**Extracted records**
::::

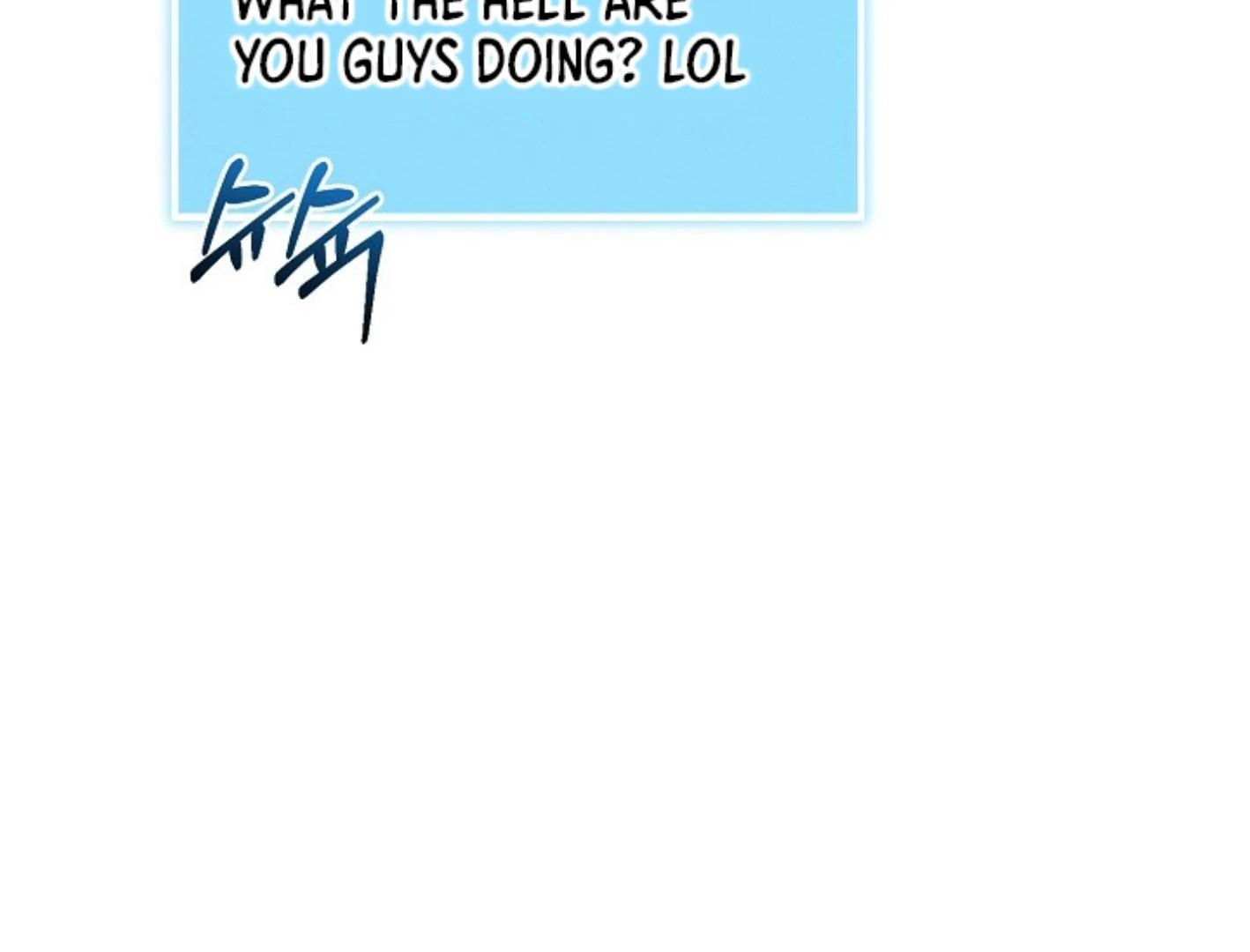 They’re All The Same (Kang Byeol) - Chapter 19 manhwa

::::

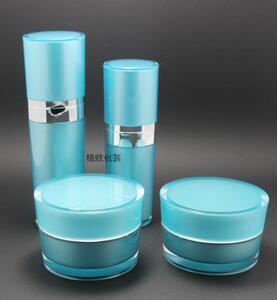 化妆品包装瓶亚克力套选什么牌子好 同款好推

::::

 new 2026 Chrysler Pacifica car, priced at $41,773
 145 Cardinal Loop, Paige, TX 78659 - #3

::::

Set down only the lines above that fall between the line holding "new 2026 Chrysler" and the line holding "145 Cardinal Loop, Paige, TX 78659 - #3", inclusive, keeping each exact.

**Task result**
 new 2026 Chrysler Pacifica car, priced at $41,773
 145 Cardinal Loop, Paige, TX 78659 - #3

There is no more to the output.